- [Task details]: Having found the line that holds "Vinile giri lucio", give that line and all lines after it again, word for word, through the end of the data below.

Records from a data source:
- - - - - - -
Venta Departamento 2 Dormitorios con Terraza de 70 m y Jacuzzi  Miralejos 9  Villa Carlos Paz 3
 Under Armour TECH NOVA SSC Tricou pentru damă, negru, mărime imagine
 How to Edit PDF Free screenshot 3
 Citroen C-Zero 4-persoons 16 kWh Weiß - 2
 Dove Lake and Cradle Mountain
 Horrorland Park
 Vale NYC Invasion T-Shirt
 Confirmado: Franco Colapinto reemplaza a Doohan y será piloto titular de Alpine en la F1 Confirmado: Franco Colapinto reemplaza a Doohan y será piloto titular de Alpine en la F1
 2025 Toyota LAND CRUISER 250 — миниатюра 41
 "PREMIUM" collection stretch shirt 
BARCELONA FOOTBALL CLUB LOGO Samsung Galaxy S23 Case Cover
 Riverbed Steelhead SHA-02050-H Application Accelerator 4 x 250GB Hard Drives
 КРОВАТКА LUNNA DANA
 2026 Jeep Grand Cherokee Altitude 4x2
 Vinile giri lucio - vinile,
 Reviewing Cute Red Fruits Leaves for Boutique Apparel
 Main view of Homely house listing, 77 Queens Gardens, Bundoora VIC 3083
- - - - - - -
- [Result]:
 Vinile giri lucio - vinile,
 Reviewing Cute Red Fruits Leaves for Boutique Apparel
 Main view of Homely house listing, 77 Queens Gardens, Bundoora VIC 3083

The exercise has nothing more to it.